NASA’s Curiosity Mars rover began drilling of Martian rocks again and it was able to get the first sample of drilling since a mechanical problem took Curiosity’s drill offline in December of 2016.
This past weekend, that effort produced the first drilled sample on Mars in more than a year.
Curiosity tested percussive drilling this past weekend, penetrating about 2 inches (50 millimeters) into a target called “Duluth.”
NASA’s Curiosity rover successfully drilled a hole 2 inches (5.1 centimeters) deep in a target called “Duluth” on May 20, 2018. The hole is about .6 inches (1.6 centimeters) across. It was the first rock sample captured by the drill since October 2016. A mechanical issue took the drill offline in December 2016. Image credit: NASA/JPL-Caltech/MSSS
This technique, called Feed Extended Drilling, keeps the drill’s bit extended out past two stabilizer posts that were originally used to steady the drill against Martian rocks. It lets Curiosity drill using the force of its robotic arm, a little more like the way a human would drill into a wall at home.
“The team used tremendous ingenuity to devise a new drilling technique and implement it on another planet,” said Curiosity Deputy Project Manager Steve Lee of JPL. “Those are two vital inches of innovation from 60 million miles away. We’re thrilled that the result was so successful.”
Drilling is a vitally important part of Curiosity’s capabilities to study Mars. Inside the rover are two laboratories that are able to conduct chemical and mineralogical analyses of rock and soil samples. The samples are acquired from Gale Crater, which the rover has been exploring since 2012.
Curiosity’s science team has been eager to get the drill working before the rover leaves its current location near Vera Rubin Ridge. Fortunately, it was near enough to drill targets like Duluth to drive back down the ridge. Sunday’s drill sample represents a quick taste of the region before Curiosity moves on.
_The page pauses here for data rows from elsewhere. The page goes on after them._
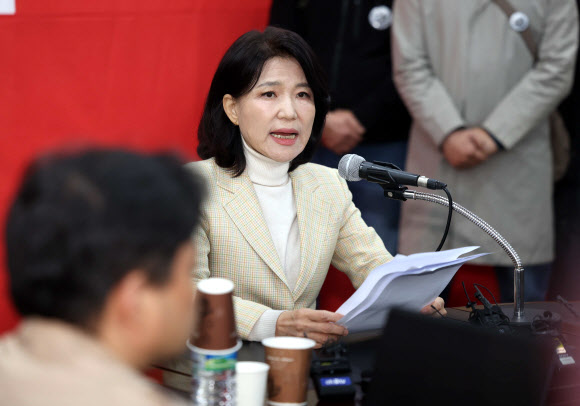 이진숙 전 방송통신위원장이 23일 오전 국민의힘 대구시당 회의실에서 국민의힘 공천관리위원회가 결정한 자신의 대구시장 후보자 컷오프(공천배제)에 대한 입장을 밝히고 있다. 2026.3.23 연합뉴스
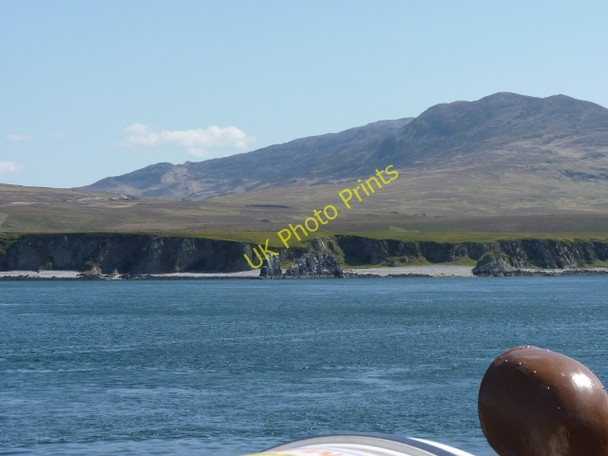 Photo 6"x4" Rock formations on beach below Cnocbreac, Jura Cnocbreac c2011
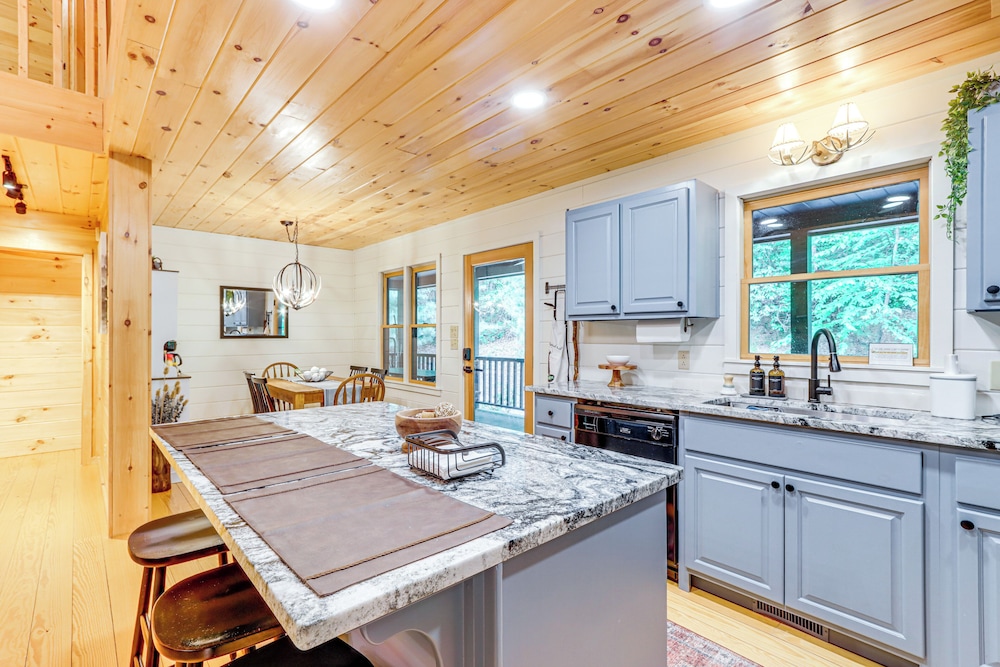 5 Mi to Dtwn Blue Ridge: Spacious Cabin w/ Hot Tub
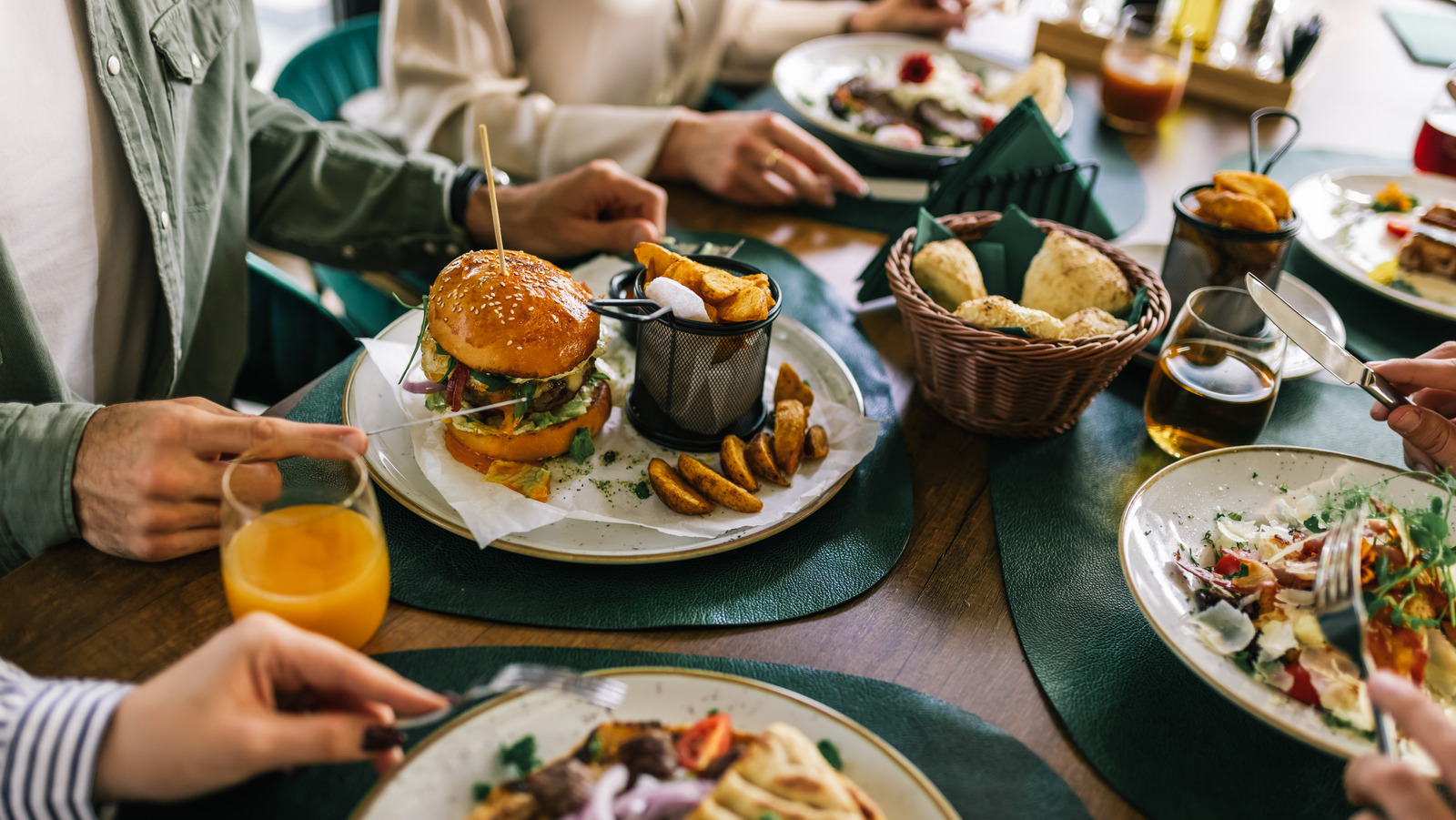 The Simple Restaurant Habit That Will Get You Better Service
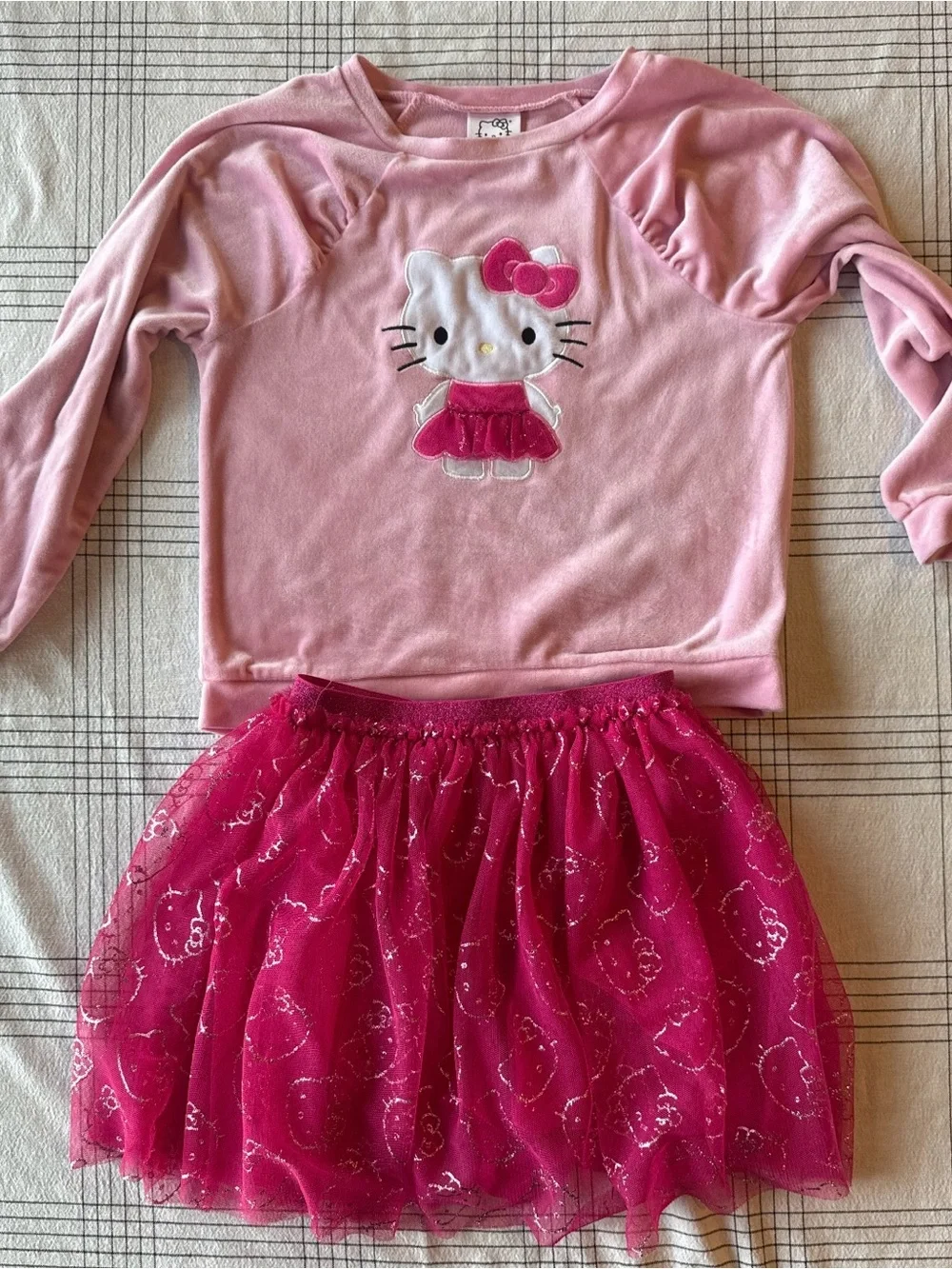 Hello Kitty Pink Pullover & Fuchsia Tulle Skirt Set
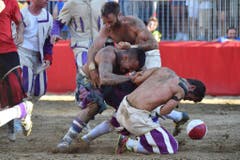 MANN, MAENNLICH, CALCIO, FIORENTINO, HISTORISCH, TRADITION, AMATEURE, MANN, OBERKOERPER, NACKT, SANDIG, SAND, SPIELPLATZ, GERANGEL, SCHMUTZIG, MAENNER, KOERPER, KAMPF, SIEG, SPIEL (Bild: Keystone)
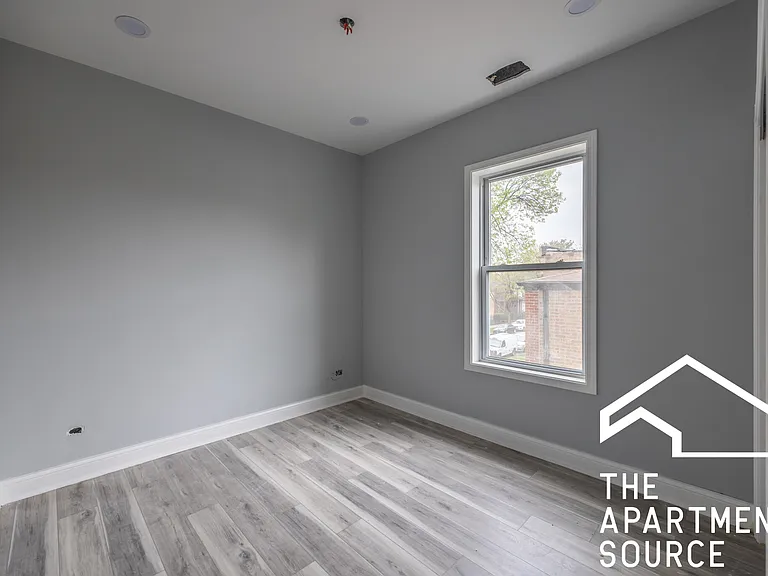 1307 N Lawndale Ave #1F — Photo 7
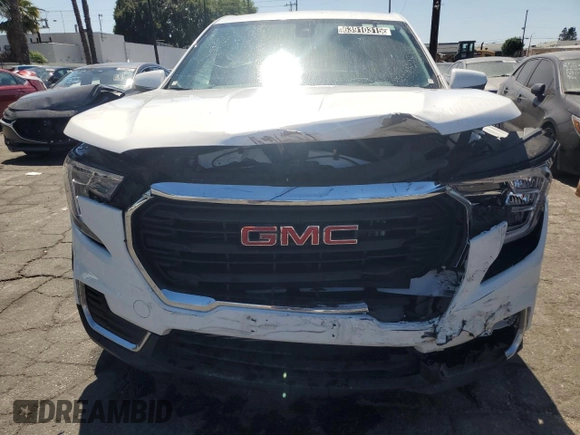 2024 GMC Terrain SLE z VIN 3GKALMEG3RL345620, wystawiony jako Copart lot #63910315 z przebiegiem 22 888 mil mil oraz Czysty tytuł • Clean title. Historia ofert i sprzedaży dostępna na DreamBid. Obrazek 5.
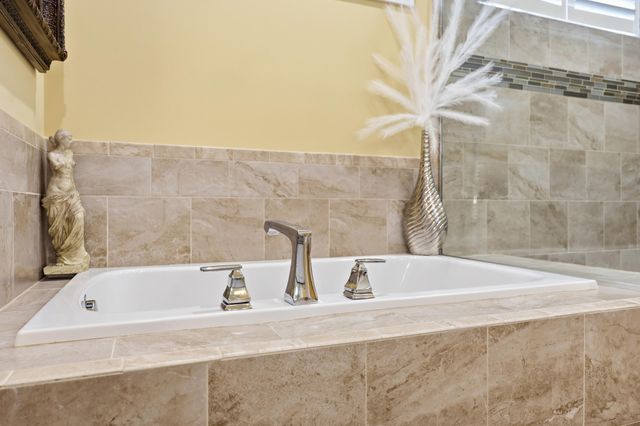 2483 Pascoli Place, Lexington, KY 40509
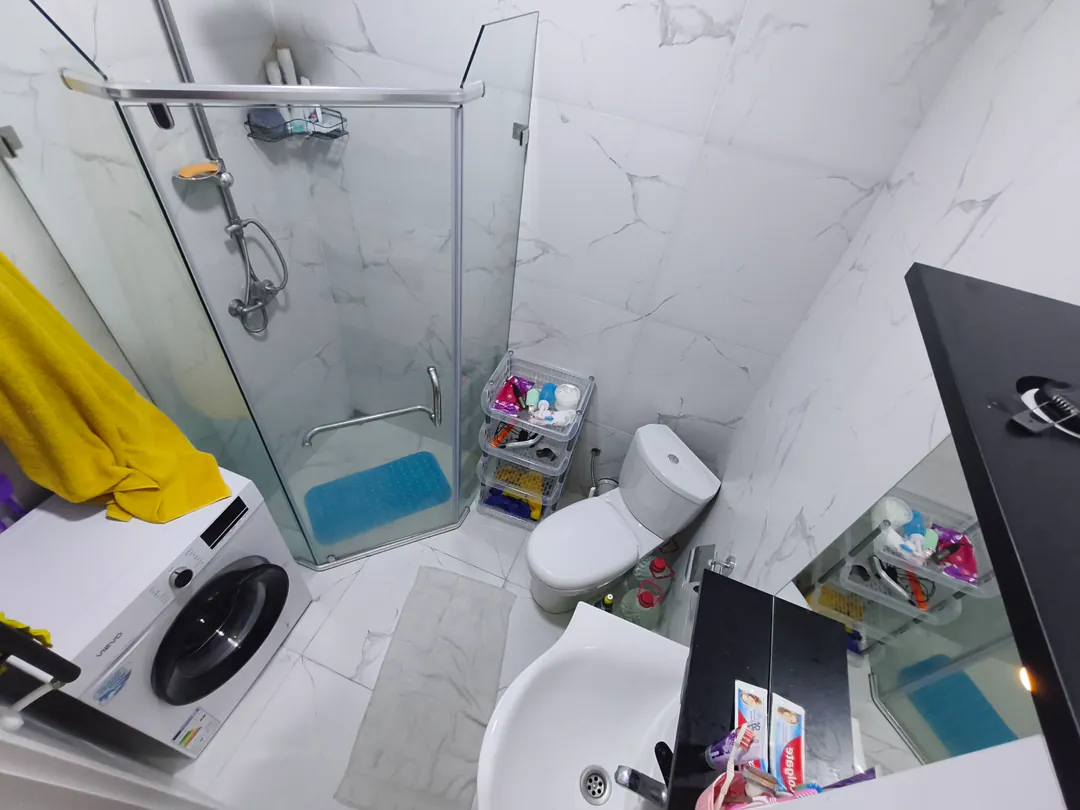 Apartment with a view of the sea, mountains and airplanes — photo 5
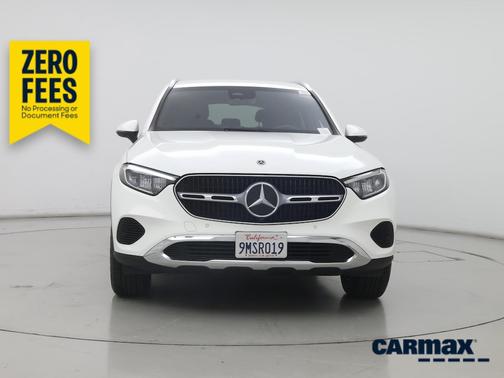 White 2024 Mercedes-Benz GLC 300
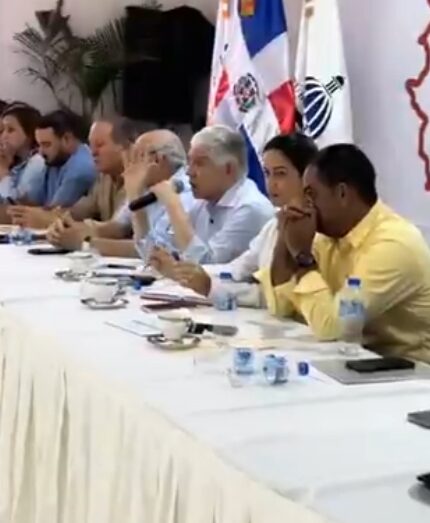 @EduardoEstrella visitó la provincia Valverde y se reune con aurtoridadesy lideres comunitarios dando seguimento a obras de @RDMOPC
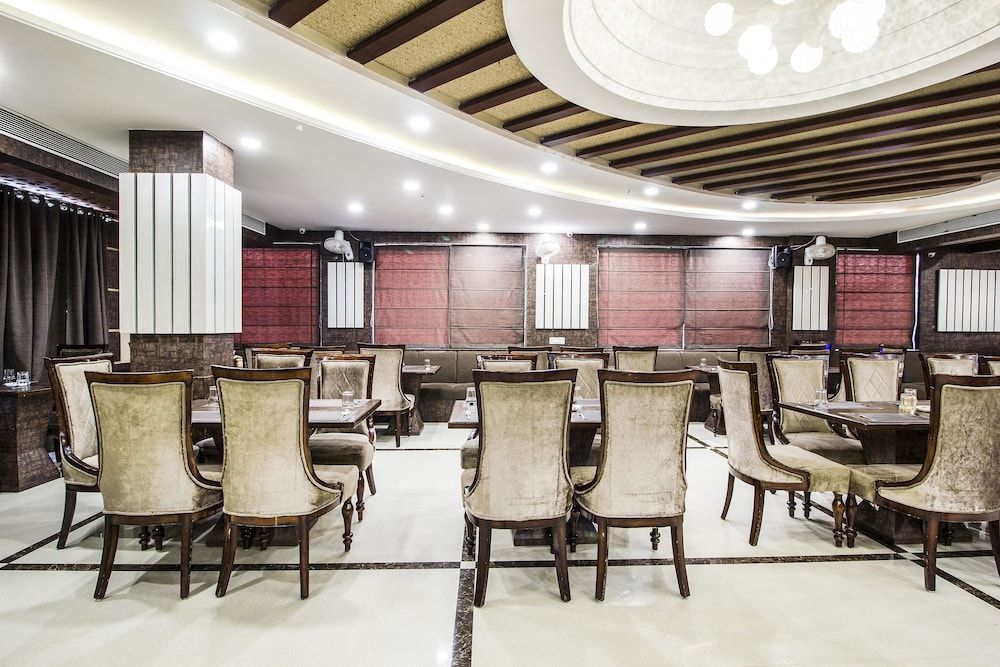 undefined FabHotel Anmol's Classic Napier Town 6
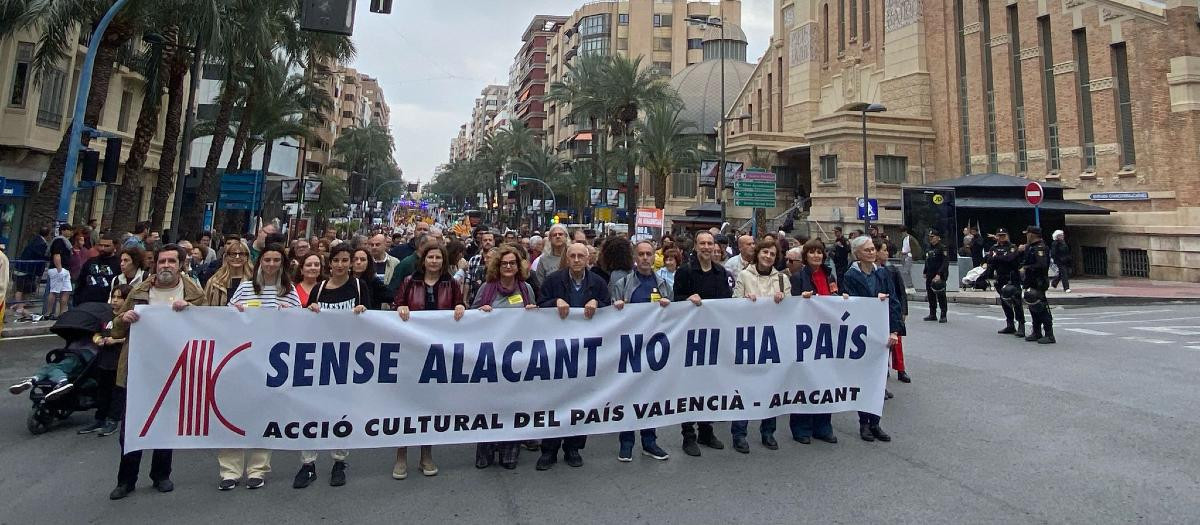 Movilización de Acció Cultural en Alicante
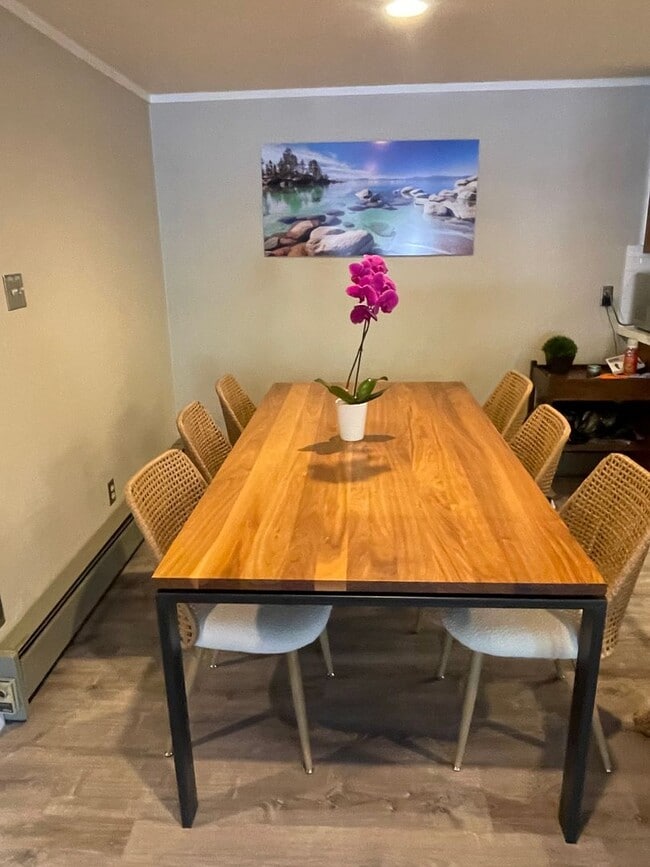 Building Photo - 3 Bedroom Condo - Garage! Walk to Burnt Ce...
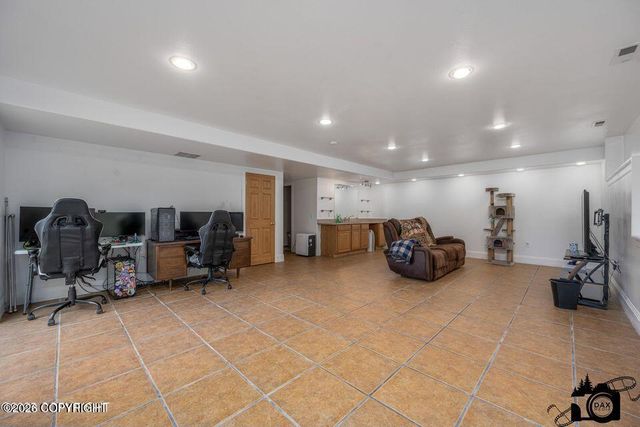 17201 W Lighthouse Drive, Big Lake, AK 99652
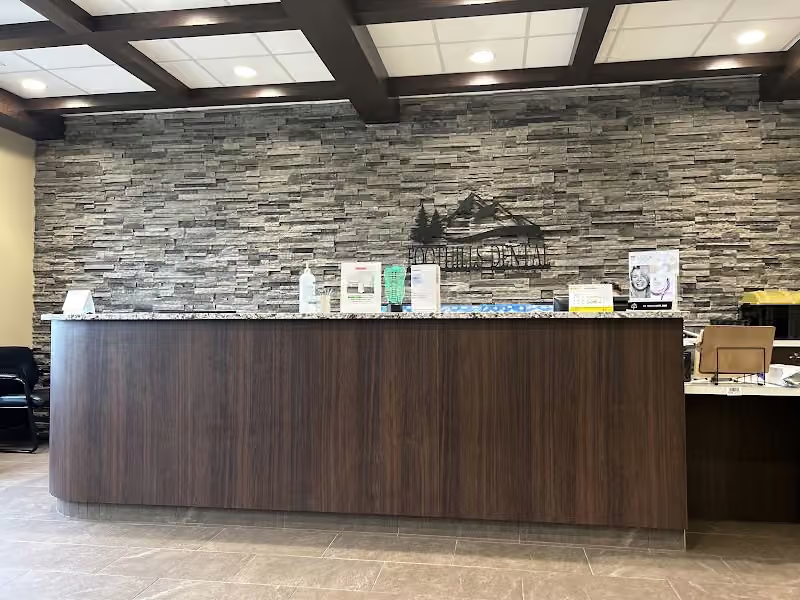 Foothills Dental Centre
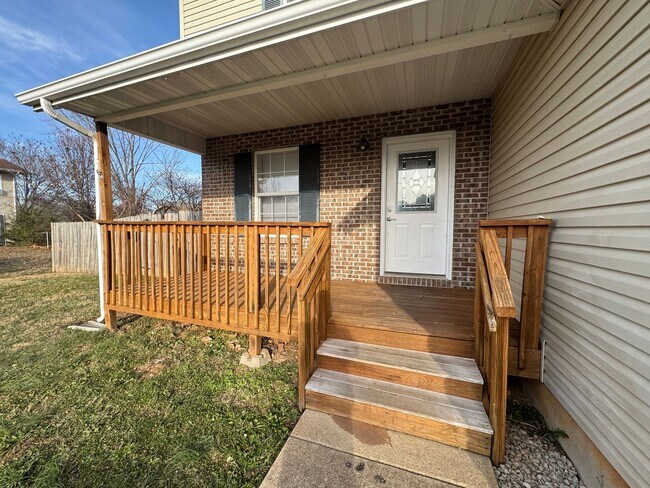 Photo - Spacious 3 bedroom, 2.5 bathroom Duplex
Demonstrating that Curiosity’s percussive drilling technique works is a milestone in itself. But that doesn’t mean the work is over for engineers at JPL.
“We’ve been developing this new drilling technique for over a year, but our job isn’t done once a sample has been collected on Mars,” said JPL’s Tom Green, a systems engineer who helped develop and test Curiosity’s new drilling method. “With each new test, we closely examine the data to look for improvements we can make and then head back to our test bed to iterate on the process.”
Now, the NASA Curiosity’s science team has the next job: delivering the rock sample from the drill bit to the two laboratories inside the rover. Having captured enough powder inside the drill, engineers will now use the rover’s cameras to estimate how much trickles out while running the drill backwards. The drill’s percussion mechanism is also used to tap out powder.
As soon as this Friday, the Curiosity team will test a new process for delivering samples into the rover’s laboratories.